◆ Supplied material ◆
»»

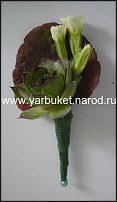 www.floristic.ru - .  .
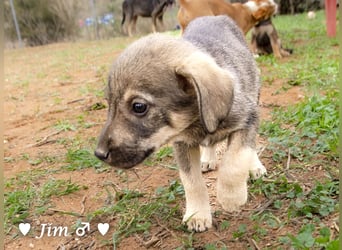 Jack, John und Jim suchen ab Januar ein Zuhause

««
»»

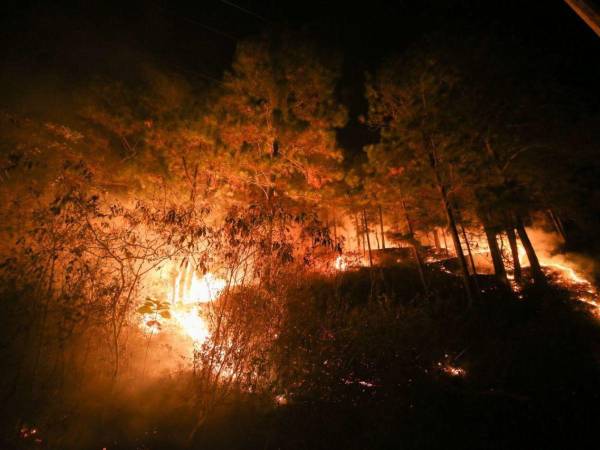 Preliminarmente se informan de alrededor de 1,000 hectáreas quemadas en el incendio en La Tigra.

««

◆ Required work ◆
Given the listing above, repeat exactly the lines starting at the one with "www.floristic.ru - ." and ending at the one with "Jack, John und", inclusive, excluding pictures.

◆ Answer to the problem ◆
 www.floristic.ru - .  .
 Jack, John und Jim suchen ab Januar ein Zuhause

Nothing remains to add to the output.